- _Problem requirements_
The response should be the records below, repeated exactly, with each picture left out.

[Captioned web image data]
· · · · ·
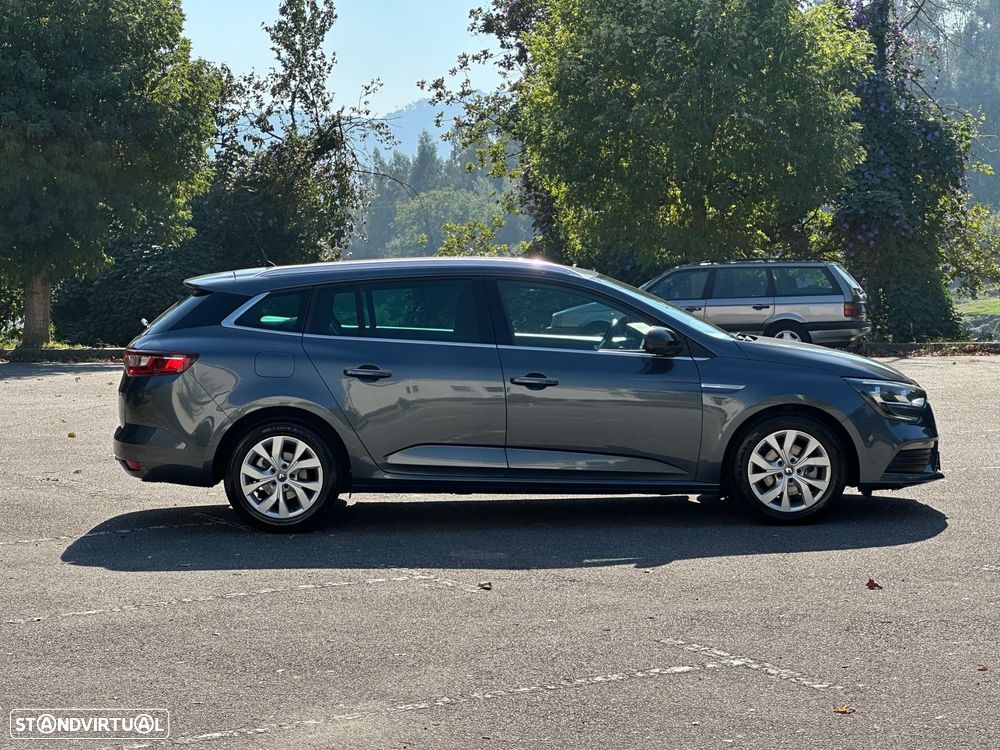 Renault Mégane Sport Tourer 1.3 TCe Limited - 25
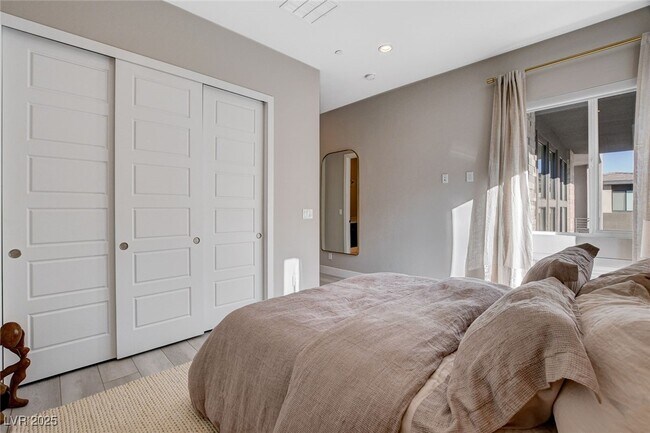 Building Photo - 5289 Feathertop Dr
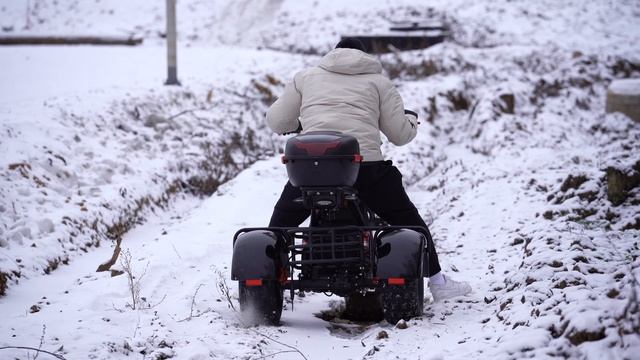 ? Разносим ТРЕХКОЛЕСНЫЙ электрический ЭЛЕКТРОСКУТЕР ?трицикл city coco  трайк зимой off-road заезд
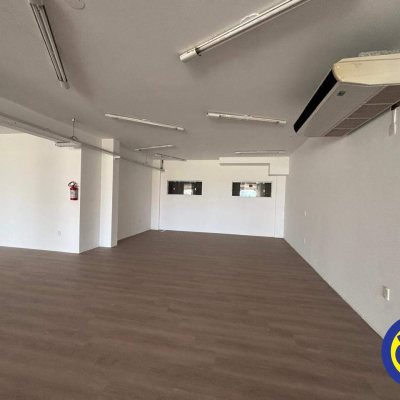 Sala com 250m², 2 garagens, no bairro Saco Grande em Florianópolis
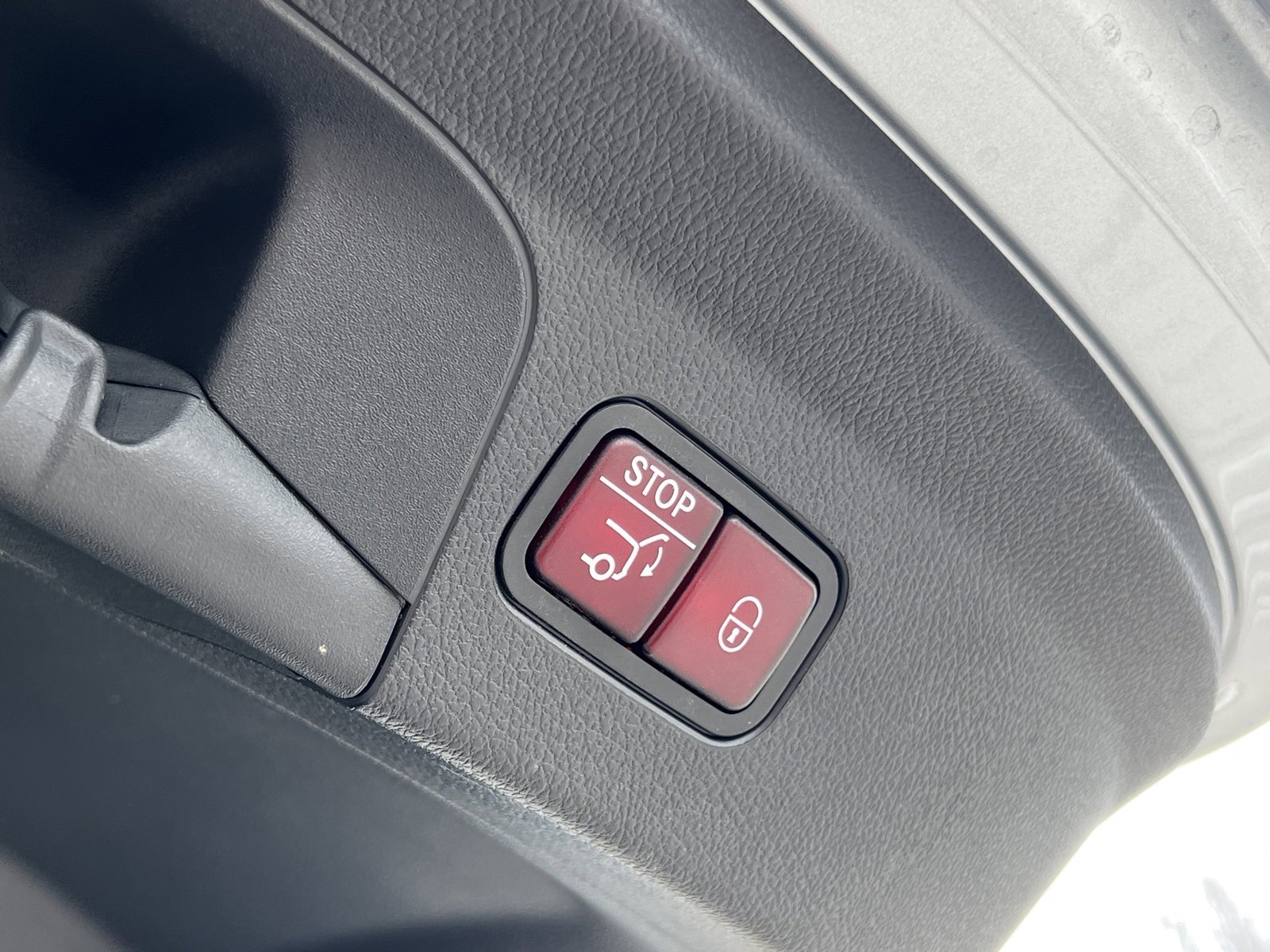 Used 2025 Mercedes-Benz GLE 53 AMG 4MATIC Coupe image 23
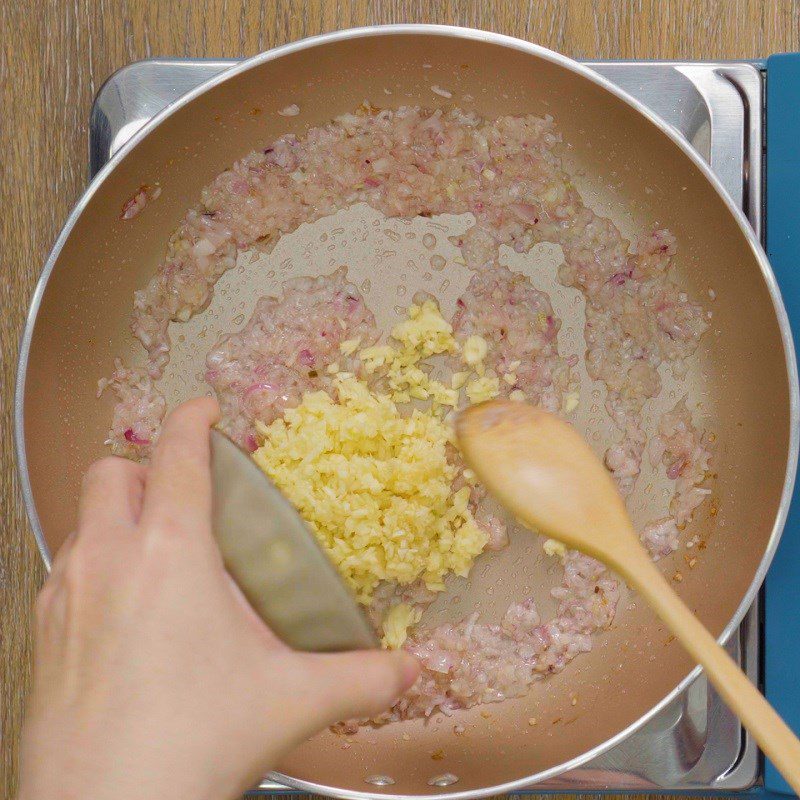 Step 1 Fry onion, garlic, and chili for Shrimp paste with fruit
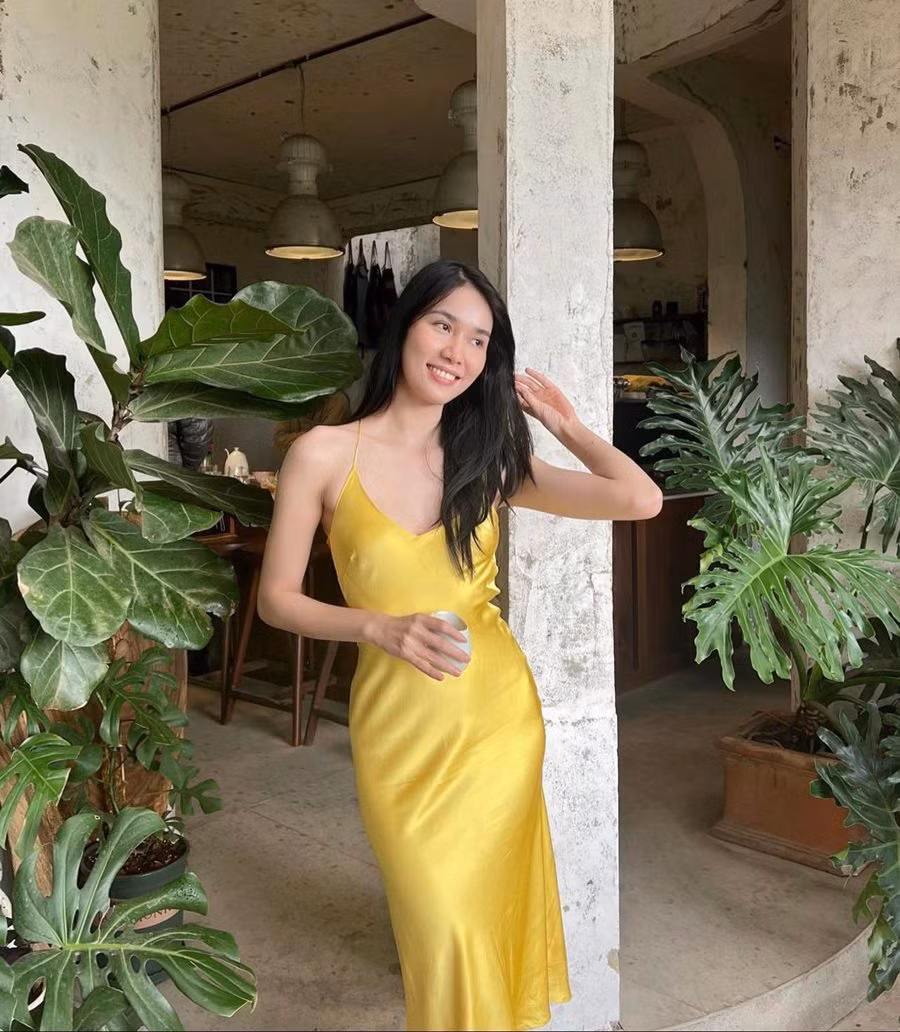 Váy lụa đơn sắc nhưng không hề nhàm chán. Thiết kế có đầy đủ những gam màu từ nhã nhặn tới "chói chang", theo cá tính thời trang mỗi người. Với những kiểu váy dáng suông, người mặc thường mắc phải lỗi váy dính người tạo nên hình ảnh chưa duyên dáng.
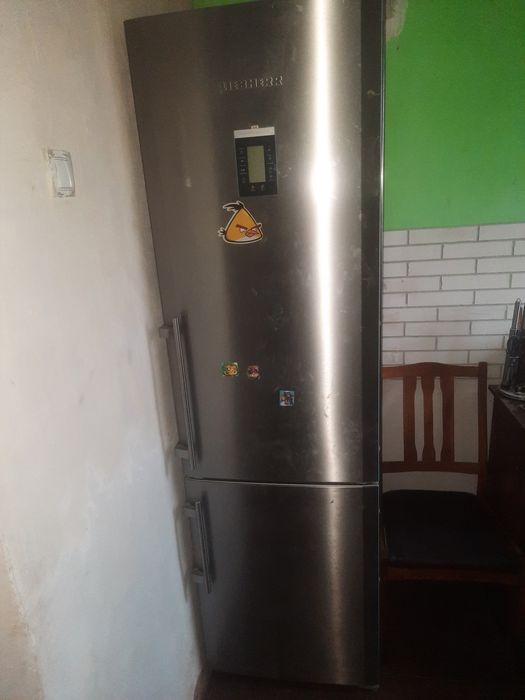 Продам холодильник Libherr в нормальному стані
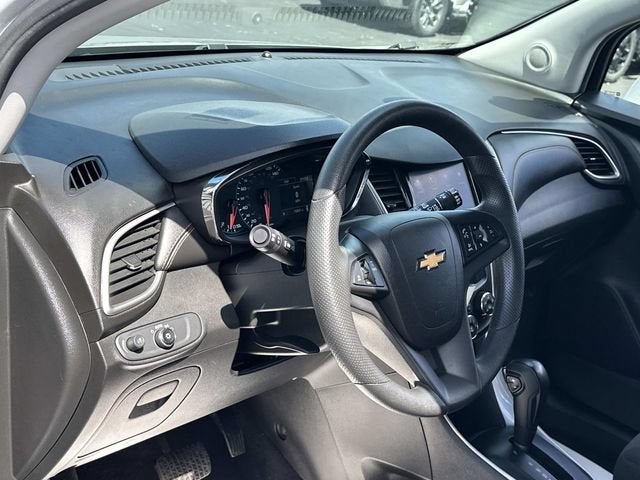 2022 Chevrolet Trax LS - Photo 9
· · · · ·
- _Answer box_
 Renault Mégane Sport Tourer 1.3 TCe Limited - 25
 Building Photo - 5289 Feathertop Dr
 ? Разносим ТРЕХКОЛЕСНЫЙ электрический ЭЛЕКТРОСКУТЕР ?трицикл city coco  трайк зимой off-road заезд
 Sala com 250m², 2 garagens, no bairro Saco Grande em Florianópolis
 Used 2025 Mercedes-Benz GLE 53 AMG 4MATIC Coupe image 23
 Step 1 Fry onion, garlic, and chili for Shrimp paste with fruit
 Váy lụa đơn sắc nhưng không hề nhàm chán. Thiết kế có đầy đủ những gam màu từ nhã nhặn tới "chói chang", theo cá tính thời trang mỗi người. Với những kiểu váy dáng suông, người mặc thường mắc phải lỗi váy dính người tạo nên hình ảnh chưa duyên dáng.
 Продам холодильник Libherr в нормальному стані
 2022 Chevrolet Trax LS - Photo 9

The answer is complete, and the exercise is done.